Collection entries
*** Block opens ***

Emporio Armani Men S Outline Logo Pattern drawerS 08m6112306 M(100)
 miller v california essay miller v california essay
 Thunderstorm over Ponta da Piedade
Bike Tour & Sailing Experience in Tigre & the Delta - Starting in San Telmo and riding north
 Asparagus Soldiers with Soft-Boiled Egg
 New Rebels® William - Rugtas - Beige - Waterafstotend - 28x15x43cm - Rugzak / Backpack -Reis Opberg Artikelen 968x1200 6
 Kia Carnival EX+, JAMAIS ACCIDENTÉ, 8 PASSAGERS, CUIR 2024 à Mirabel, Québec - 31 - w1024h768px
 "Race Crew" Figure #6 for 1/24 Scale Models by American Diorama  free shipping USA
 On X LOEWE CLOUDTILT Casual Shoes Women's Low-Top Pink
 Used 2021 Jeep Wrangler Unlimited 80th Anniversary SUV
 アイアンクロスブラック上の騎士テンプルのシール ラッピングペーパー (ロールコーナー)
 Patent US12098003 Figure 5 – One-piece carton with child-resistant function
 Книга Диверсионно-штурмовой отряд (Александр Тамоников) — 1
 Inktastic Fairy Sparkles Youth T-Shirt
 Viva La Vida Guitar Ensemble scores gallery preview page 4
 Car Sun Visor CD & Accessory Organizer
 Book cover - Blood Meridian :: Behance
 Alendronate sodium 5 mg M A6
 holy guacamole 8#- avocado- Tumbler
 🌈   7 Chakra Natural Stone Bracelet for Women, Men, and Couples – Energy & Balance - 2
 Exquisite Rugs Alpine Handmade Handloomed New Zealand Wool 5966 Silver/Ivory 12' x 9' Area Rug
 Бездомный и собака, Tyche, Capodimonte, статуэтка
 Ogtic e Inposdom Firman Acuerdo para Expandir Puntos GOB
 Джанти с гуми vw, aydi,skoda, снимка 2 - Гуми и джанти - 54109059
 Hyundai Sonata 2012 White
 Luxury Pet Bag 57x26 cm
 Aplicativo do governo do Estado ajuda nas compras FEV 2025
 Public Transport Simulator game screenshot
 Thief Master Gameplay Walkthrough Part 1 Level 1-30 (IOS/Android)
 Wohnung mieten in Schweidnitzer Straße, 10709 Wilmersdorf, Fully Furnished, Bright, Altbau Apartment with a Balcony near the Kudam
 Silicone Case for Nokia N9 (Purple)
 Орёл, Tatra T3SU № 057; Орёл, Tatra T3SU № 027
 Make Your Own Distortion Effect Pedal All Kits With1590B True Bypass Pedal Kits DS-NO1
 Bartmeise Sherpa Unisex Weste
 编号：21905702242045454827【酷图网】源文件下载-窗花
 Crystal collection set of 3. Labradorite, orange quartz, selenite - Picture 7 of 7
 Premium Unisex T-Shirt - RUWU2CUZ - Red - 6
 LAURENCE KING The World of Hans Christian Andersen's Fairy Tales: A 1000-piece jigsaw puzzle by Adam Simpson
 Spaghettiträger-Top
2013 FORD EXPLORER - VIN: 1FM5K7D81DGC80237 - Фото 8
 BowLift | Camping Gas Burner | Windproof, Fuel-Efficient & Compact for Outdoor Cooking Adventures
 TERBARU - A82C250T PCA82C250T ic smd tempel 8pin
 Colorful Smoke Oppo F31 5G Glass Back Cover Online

*** Block closes ***

Would you please copy exactly the part of the entries above that begins at the line containing "Ogtic e Inposdom" and ends at the line containing "编号：21905702242045454827【酷图网】源文件下载-窗花", both lines included?

 Ogtic e Inposdom Firman Acuerdo para Expandir Puntos GOB
 Джанти с гуми vw, aydi,skoda, снимка 2 - Гуми и джанти - 54109059
 Hyundai Sonata 2012 White
 Luxury Pet Bag 57x26 cm
 Aplicativo do governo do Estado ajuda nas compras FEV 2025
 Public Transport Simulator game screenshot
 Thief Master Gameplay Walkthrough Part 1 Level 1-30 (IOS/Android)
 Wohnung mieten in Schweidnitzer Straße, 10709 Wilmersdorf, Fully Furnished, Bright, Altbau Apartment with a Balcony near the Kudam
 Silicone Case for Nokia N9 (Purple)
 Орёл, Tatra T3SU № 057; Орёл, Tatra T3SU № 027
 Make Your Own Distortion Effect Pedal All Kits With1590B True Bypass Pedal Kits DS-NO1
 Bartmeise Sherpa Unisex Weste
 编号：21905702242045454827【酷图网】源文件下载-窗花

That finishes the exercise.